Etripamil Nasal Spray shows positive topline results in Paroxysmal Supraventricular Tachycardia

Etripamil is an investigational intranasal calcium channel blocker. Etripamil has shown positive topline data announced from a phase 3 trial regarding its efficacy and safety in patients who experience an episode of paroxysmal supraventricular tachycardia (PSVT) in an at-home setting.The self-administered treatment more than doubled the rate of conversion to normal sinus rhythm versus placebo.

"PSVT is an unpredictable, disruptive burden on patients, with current interventions restricted to the costly and inconvenient acute care setting," said Bruce Stambler, M.D., F.H.R.S., Director of Cardiac Arrhythmia Research and Education, Piedmont Heart Institute, Atlanta, GA. "I am highly encouraged by the findings from the RAPID trial, which demonstrate that patients who administered etripamil converted to normal sinus rhythm significantly more often than placebo patients without experiencing serious adverse events, and independent of medical supervision.

These data further support the potential for etripamil to deliver a clinically meaningful benefit to patients and an important and valuable tool for their physicians."

"Today marks an important achievement for Milestone and for patients with PSVT," said Joseph Oliveto, President and Chief Executive Officer of Milestone Pharmaceuticals. "We believe that etripamil, if approved, has the potential to empower patients to take control of their condition as well as provide value to the healthcare system, in part by reducing visits to the Emergency Department.

We look forward to working with the U.S. Food and Drug Administration (FDA) to make available what we believe is the first of its kind, self-administered therapy. On behalf of the Milestone team, I would like to thank the patients, their caregivers, and the healthcare professionals who took part in the RAPID trial."

The multi-center, randomized, double-blind, placebo-controlled RAPID trial enrolled 706 patients across clinical sites in North America and Europe. Patients were randomized 1:1 to a nasal spray of either etripamil or placebo without medical monitoring. To maximize the potential treatment effect of etripamil, patients who did not experience symptom relief within 10 minutes were directed to self-administer a repeat dose of study drug.

The RAPID trial achieved its primary endpoint, with patients taking etripamil demonstrating a highly statistically significant and clinically meaningful difference in time to PSVT conversion compared to placebo.
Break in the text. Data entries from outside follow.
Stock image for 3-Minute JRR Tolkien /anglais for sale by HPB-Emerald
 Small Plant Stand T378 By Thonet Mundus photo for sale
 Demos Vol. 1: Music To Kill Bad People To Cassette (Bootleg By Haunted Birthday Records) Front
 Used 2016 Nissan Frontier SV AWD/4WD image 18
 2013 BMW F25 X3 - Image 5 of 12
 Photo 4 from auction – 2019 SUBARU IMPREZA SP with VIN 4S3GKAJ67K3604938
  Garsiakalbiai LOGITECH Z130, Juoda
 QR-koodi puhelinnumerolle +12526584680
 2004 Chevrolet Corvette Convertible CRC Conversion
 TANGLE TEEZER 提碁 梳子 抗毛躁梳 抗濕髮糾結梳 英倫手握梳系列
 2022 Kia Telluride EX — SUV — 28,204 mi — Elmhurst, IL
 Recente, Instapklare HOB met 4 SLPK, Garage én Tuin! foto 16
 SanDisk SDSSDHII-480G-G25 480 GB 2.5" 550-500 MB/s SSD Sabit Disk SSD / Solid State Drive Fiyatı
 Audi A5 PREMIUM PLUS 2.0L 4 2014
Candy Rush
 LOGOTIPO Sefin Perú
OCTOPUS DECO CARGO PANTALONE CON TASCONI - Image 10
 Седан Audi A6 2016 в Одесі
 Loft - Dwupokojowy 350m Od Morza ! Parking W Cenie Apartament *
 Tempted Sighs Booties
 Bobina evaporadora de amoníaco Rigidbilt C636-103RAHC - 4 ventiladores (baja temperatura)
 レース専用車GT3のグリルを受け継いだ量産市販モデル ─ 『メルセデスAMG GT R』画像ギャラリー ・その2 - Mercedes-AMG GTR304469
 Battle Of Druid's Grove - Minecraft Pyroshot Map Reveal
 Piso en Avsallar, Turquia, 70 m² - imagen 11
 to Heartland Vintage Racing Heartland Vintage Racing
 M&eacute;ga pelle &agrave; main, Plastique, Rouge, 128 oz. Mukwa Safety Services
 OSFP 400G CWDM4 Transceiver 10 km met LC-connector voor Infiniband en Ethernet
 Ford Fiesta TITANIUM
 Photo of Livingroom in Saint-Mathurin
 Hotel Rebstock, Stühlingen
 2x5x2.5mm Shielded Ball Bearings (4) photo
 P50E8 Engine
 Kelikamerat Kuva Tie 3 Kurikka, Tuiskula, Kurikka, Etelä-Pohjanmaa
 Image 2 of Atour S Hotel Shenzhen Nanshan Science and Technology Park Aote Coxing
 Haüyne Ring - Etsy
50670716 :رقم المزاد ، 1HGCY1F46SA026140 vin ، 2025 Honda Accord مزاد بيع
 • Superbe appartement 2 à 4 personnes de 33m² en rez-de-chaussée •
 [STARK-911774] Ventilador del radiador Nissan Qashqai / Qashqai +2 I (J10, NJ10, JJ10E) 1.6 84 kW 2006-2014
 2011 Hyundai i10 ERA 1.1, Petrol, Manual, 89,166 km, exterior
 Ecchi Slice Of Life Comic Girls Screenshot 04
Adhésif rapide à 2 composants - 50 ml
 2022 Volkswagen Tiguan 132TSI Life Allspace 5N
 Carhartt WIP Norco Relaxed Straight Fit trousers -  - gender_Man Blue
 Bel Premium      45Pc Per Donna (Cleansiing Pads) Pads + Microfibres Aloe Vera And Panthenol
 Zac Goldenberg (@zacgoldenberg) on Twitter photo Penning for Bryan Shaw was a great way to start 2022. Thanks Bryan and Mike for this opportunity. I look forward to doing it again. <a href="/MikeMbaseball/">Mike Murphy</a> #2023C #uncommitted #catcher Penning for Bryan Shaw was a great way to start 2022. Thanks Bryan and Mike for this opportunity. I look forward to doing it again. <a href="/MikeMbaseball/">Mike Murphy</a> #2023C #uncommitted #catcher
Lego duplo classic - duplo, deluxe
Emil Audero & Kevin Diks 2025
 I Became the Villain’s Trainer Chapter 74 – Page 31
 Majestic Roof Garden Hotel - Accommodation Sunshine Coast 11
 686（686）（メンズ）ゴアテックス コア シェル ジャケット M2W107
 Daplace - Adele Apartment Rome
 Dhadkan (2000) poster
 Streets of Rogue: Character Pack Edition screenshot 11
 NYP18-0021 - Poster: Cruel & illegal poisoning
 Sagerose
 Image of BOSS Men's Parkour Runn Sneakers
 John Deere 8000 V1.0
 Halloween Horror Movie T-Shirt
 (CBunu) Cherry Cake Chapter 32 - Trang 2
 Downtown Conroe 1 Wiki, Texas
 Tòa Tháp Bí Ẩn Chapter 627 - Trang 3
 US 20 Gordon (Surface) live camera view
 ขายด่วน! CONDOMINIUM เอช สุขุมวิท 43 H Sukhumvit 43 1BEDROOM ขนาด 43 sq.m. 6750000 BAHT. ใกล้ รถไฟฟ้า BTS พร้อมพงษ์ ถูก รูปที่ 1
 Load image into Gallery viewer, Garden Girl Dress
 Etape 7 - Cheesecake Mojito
A Kaplan Meier analysis shows a statistically significantly greater proportion of patients who took etripamil converted within thirty minutes compared to placebo (64.3% vs. 31.2%; hazard ratio [HR] = 2.62; 95% CI 1.66, 4.15; p<0.001). In addition, the median time to conversion for patients in RAPID who took etripamil was three times faster than for patients who took placebo. Statistically significant reductions in time to conversion in patients who took etripamil were evident early and persisted throughout the observation window of the study compared to placebo.

The safety and tolerability data from the RAPID trial continue to support the potential self-use of etripamil, with findings consistent with those observed in prior trials. The most common randomized treatment emergent adverse events (RTEAEs), adverse events (AEs) which occurred within 24 hours of study drug administration, were related to the nasal administration site. Overall, the majority of RTEAEs were reported as mild (68%) to moderate (31%). There were no reported serious AEs related to etripamil. To date, the Company's overall PSVT clinical program has resulted in more than 1,600 unique patient exposures of etripamil doses of ≥70 mg.

Analyses of pooled data from the NODE-301 and RAPID trials show that etripamil treatment provided a statistically significant reduction in the use of additional medical interventions, and a statistically significant reduction in visits to the emergency department.

Full results from the Phase 3 RAPID clinical trial are expected to be presented at an upcoming medical meeting and submitted to a peer-reviewed journal for publication.

As previously communicated, the Company believes results from the RAPID trial together with the data from the already completed NODE-301 trial could fulfill the efficacy requirement for a New Drug Application (NDA) submission for etripamil in patients with PSVT. The Company continues to enroll patients in the open label NODE-303 safety trial and plans to submit an NDA application in mid-2023 pending agency feedback.